Changing stroke rehab and research worldwide now.Time is Brain! trillions and trillions of neurons that DIE each day because there are NO effective hyperacute therapies besides tPA(only 12% effective). I have 523 posts on hyperacute therapy, enough for researchers to spend decades proving them out. These are my personal ideas and blog on stroke rehabilitation and stroke research. Do not attempt any of these without checking with your medical provider.
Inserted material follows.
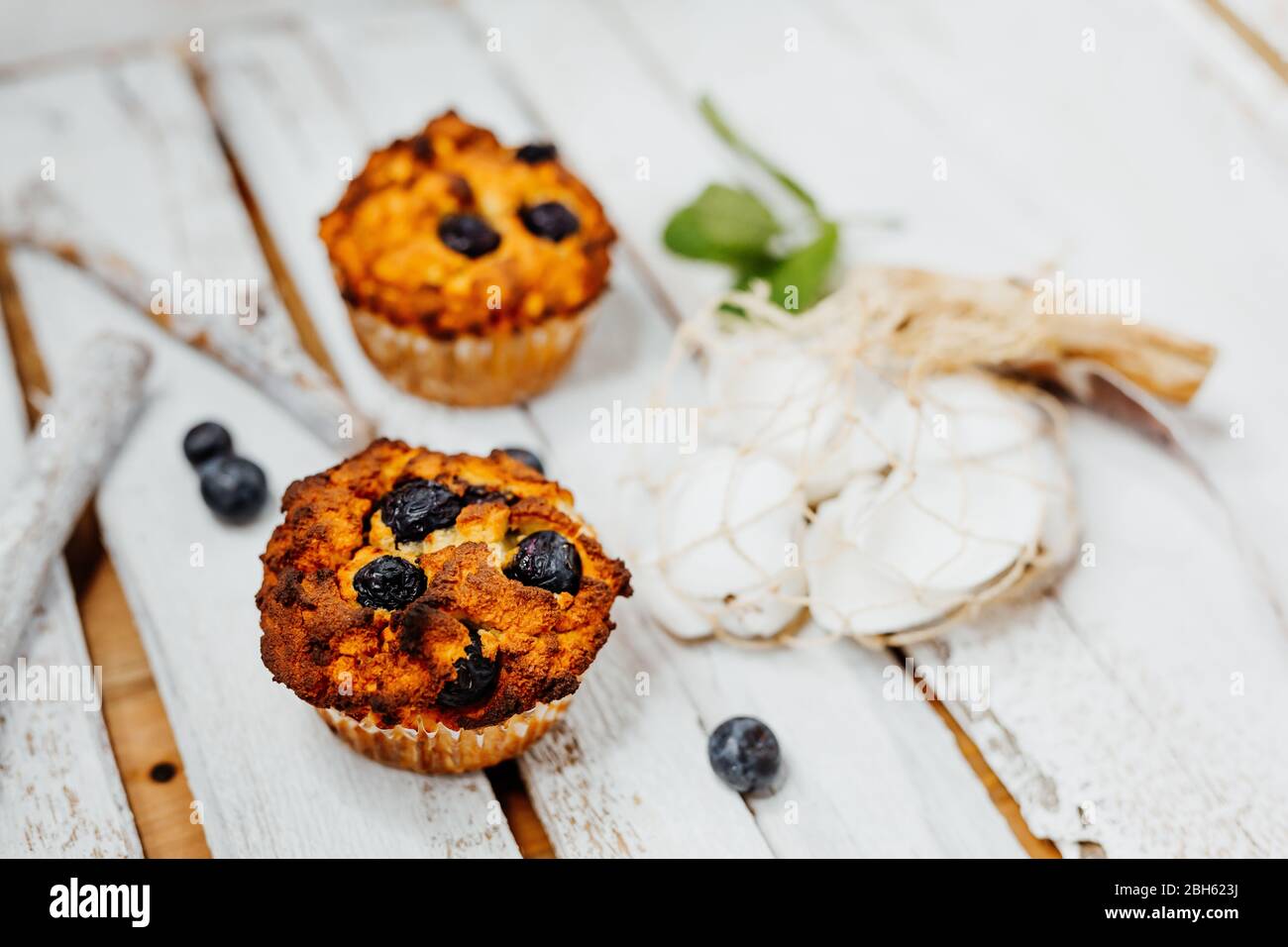 Healthy muffins with coconut flour and blueberries on light wooden plate decorated with mint an conch shells Stock Photo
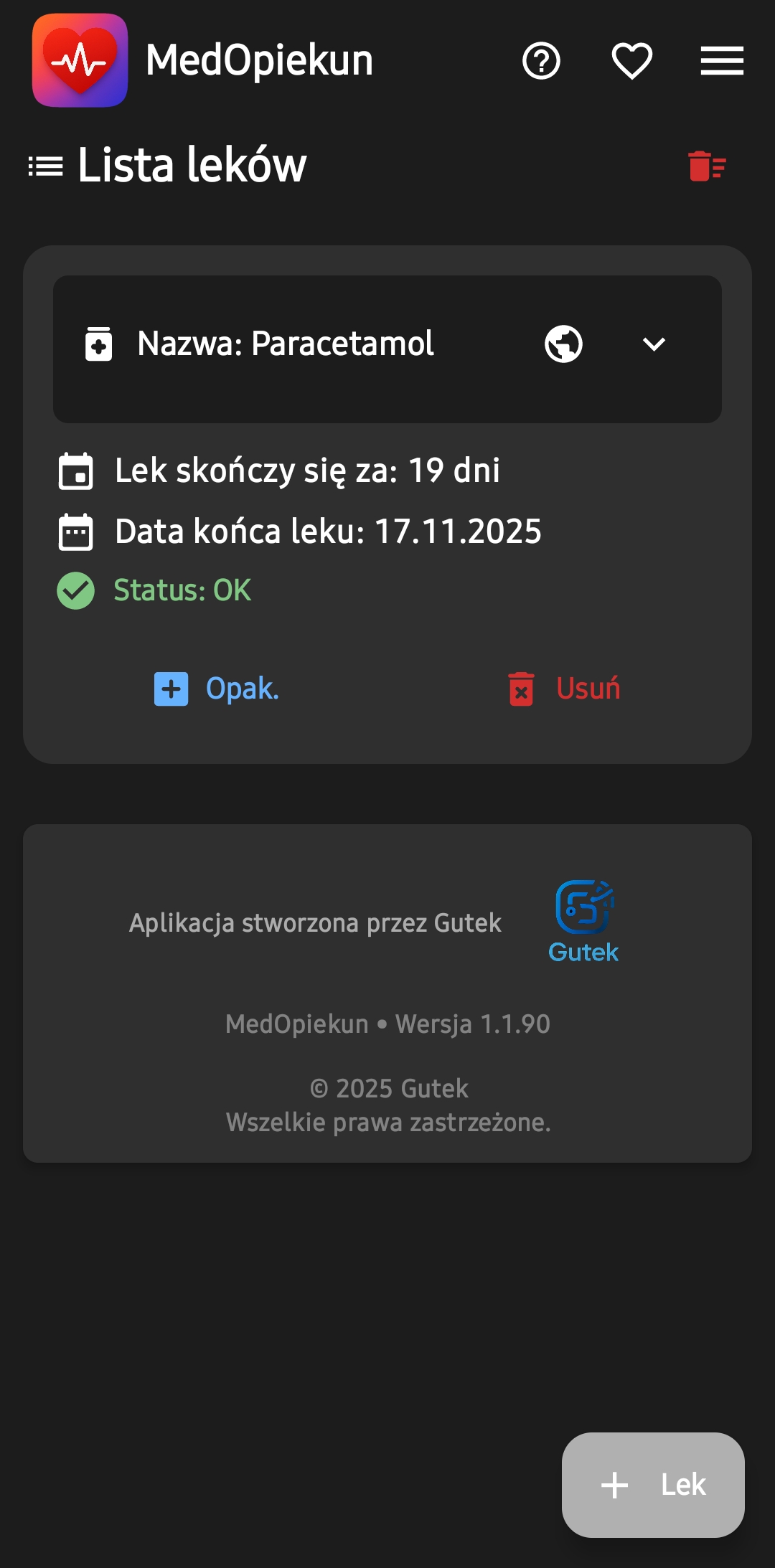 Zrzut ekranu - Lista leków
Unless you join me in agitating, when you need these therapies they won't be there.

What this blog is for:

My blog is not to help survivors recover, it is to have the 10 million yearly stroke survivors light fires underneath their doctors, stroke hospitals and stroke researchers to get stroke solved. 100% recovery. The stroke medical world is completely failing at that goal, they don't even have it as a goal. Shortly after getting out of the hospital and getting NO information on the process or protocols of stroke rehabilitation and recovery I started searching on the internet and found that no other survivor received useful information. This is an attempt to cover all stroke rehabilitation information that should be readily available to survivors so they can talk with informed knowledge to their medical staff. It lays out what needs to be done to get stroke survivors closer to 100% recovery. It's quite disgusting that this information is not available from every stroke association and doctors group.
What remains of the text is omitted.